Im letzten Herbst – einige Monate nachdem Facebook Libra vorgestellt hatte – gab Thomas Jordan, Präsident des Direktoriums der SNB, noch zu Protokoll, sein Institut verzichte vorerst auf die Einführung einer Art "Krypto-Franken" auf breiter Front. "Denn ein breiter Zugang zu digitalem Zentralbankengeld würde das heutige zweistufige Bankensystem in Frage stellen", warnte Jordan. Statt als "Bank der Banken" zu operieren, wäre die SNB dann eine eigentliche Geschäftsbank und würde eine Rolle übernehmen, die heute dem Privatsektor zukomme.
SNB-Chef Thomas Jordan. Foto: SNB / D. Büttner
Nun lässt sich der oberste Währungshüter der Schweiz in der Mitteilung zitieren: "Wir erleben im Moment eine rasante Entwicklung im Bereich von digitalem Geld.

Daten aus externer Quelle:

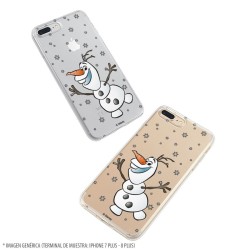 Funda para Xiaomi Mi 5X Oficial de Disney Olaf Transparente - Frozen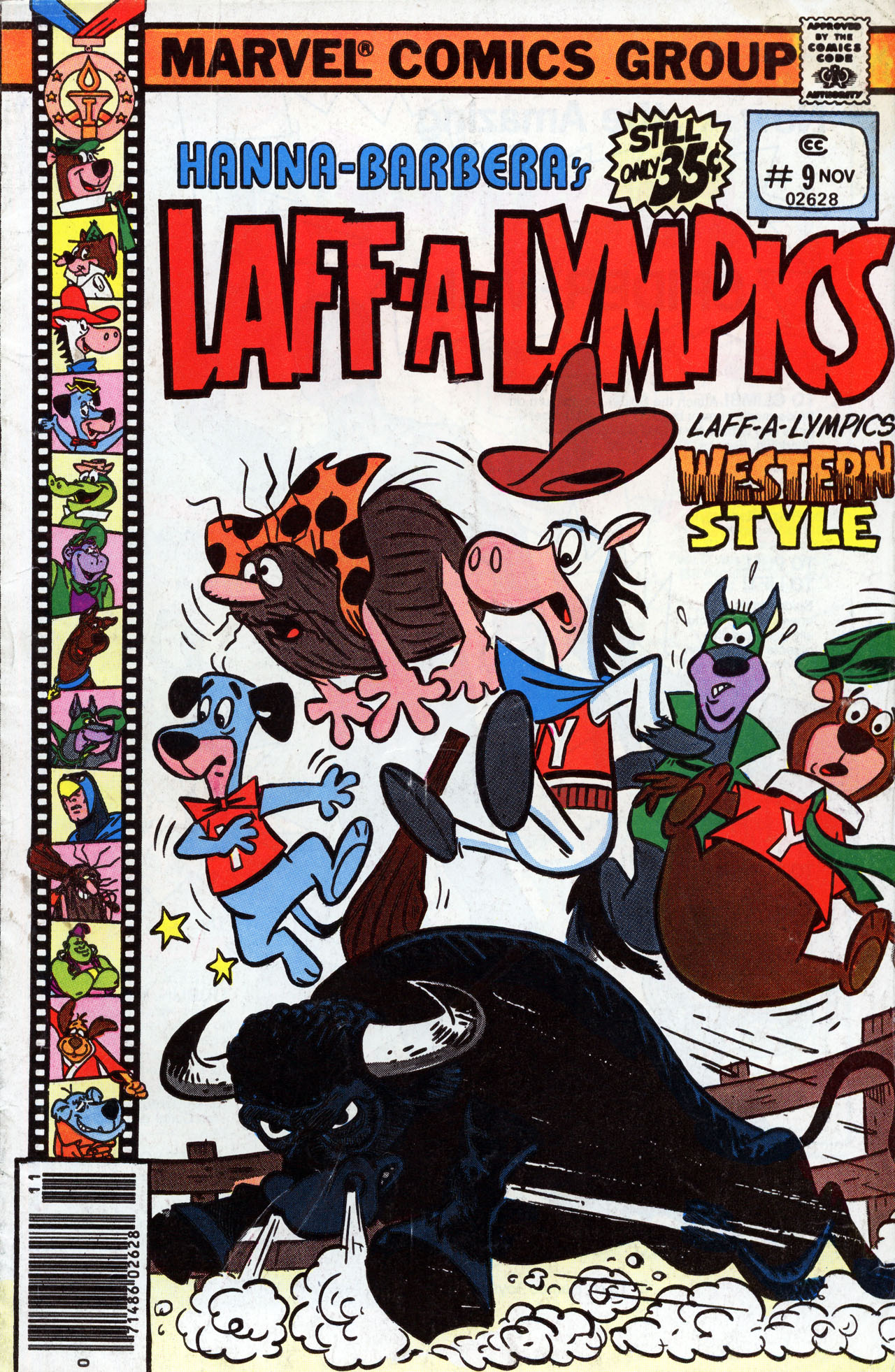 Read online Laff-a-lympics comic -  Issue #9 - 1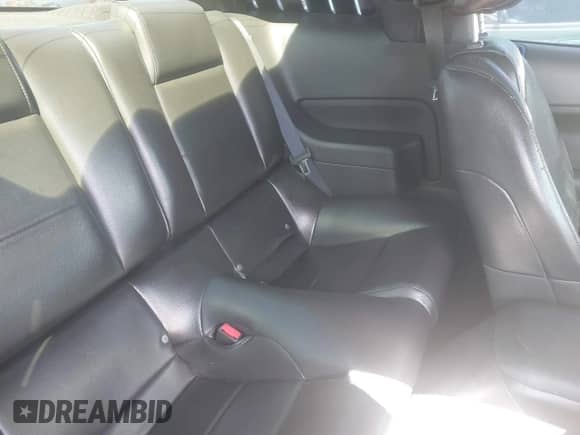 2005 Ford Mustang Deluxe with VIN 1ZVFT80N755138508, listed as a IAAI auction lot 43460199 with 127,130 mi miles and . Bid and sale history available at DreamBid. Image 8.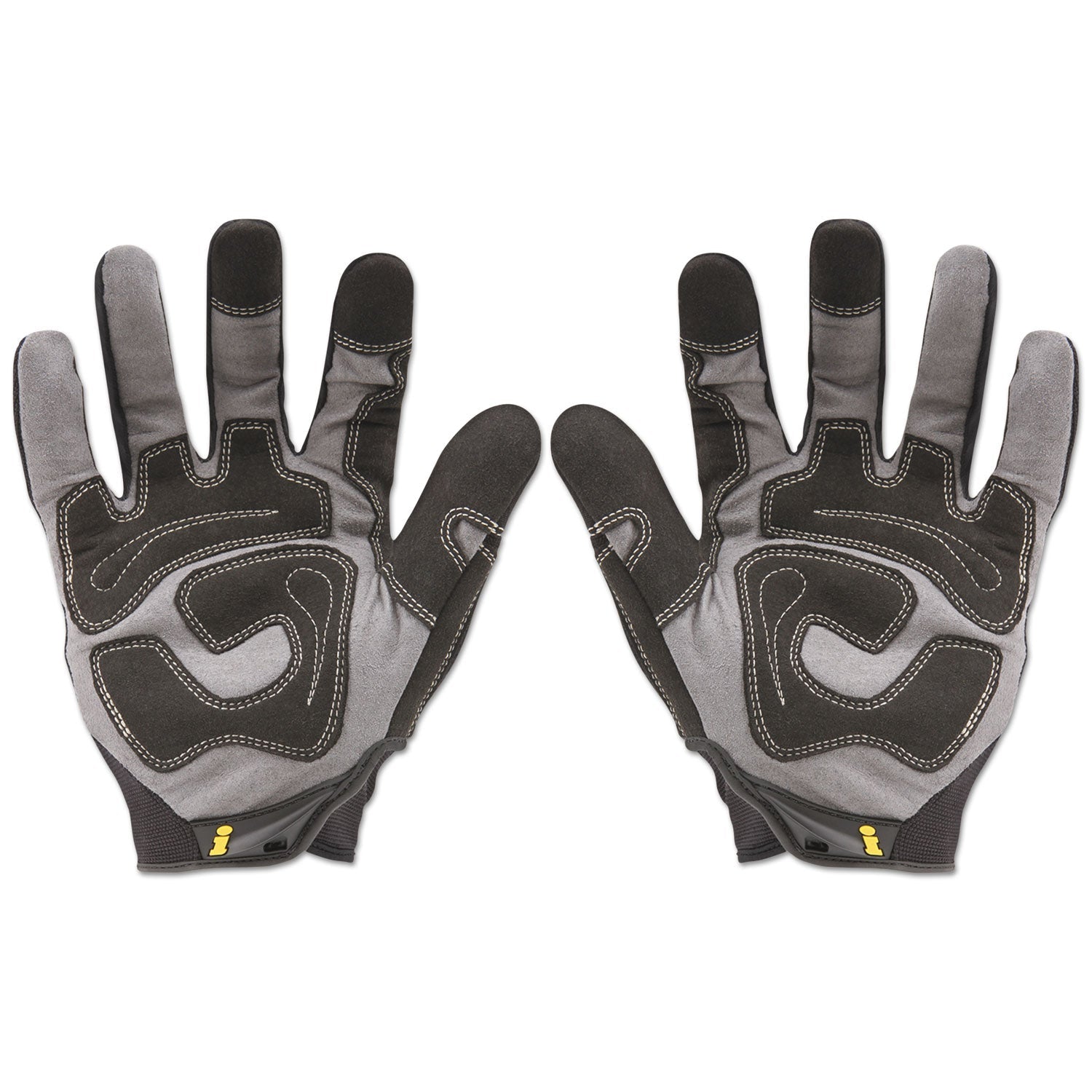 Ironclad General Utility Spandex Gloves, Black, Large, Pair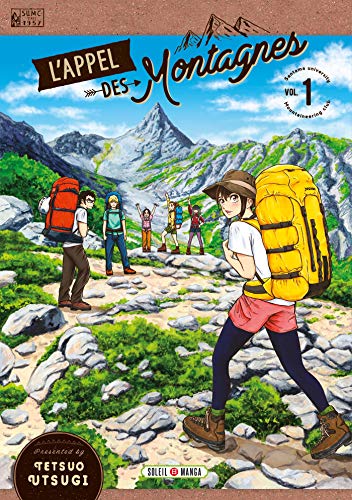 jaquette livre Appel des montagnes (l') - Tome 1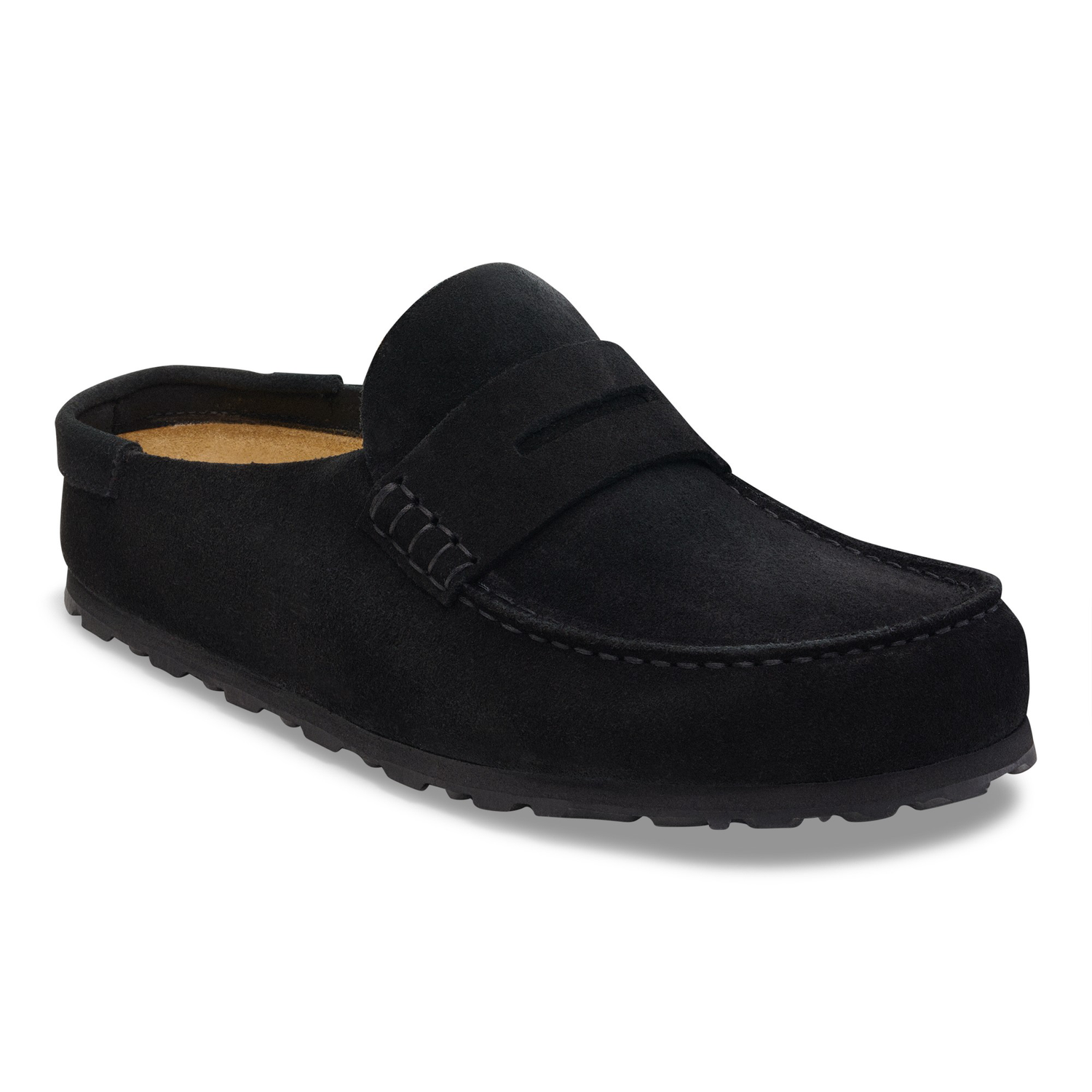 Naples Wrapped Suede Leather Black – BIRKENSTOCK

Die Zentralbanken müssen eine fundierte Position entwickeln, ob und in welcher Form digitales Zentralbankgeld in tokenisierter Form künftig zum Einsatz kommen könnte." Derzeit testet die SNB in Basel zusammen mit der BIZ im bereits 2019 eingerichteten Innovation HUB die Integration von Zentralbankgeld in eine Distributed-Ledger-Technologie-basierte Finanzmarktinfrastruktur.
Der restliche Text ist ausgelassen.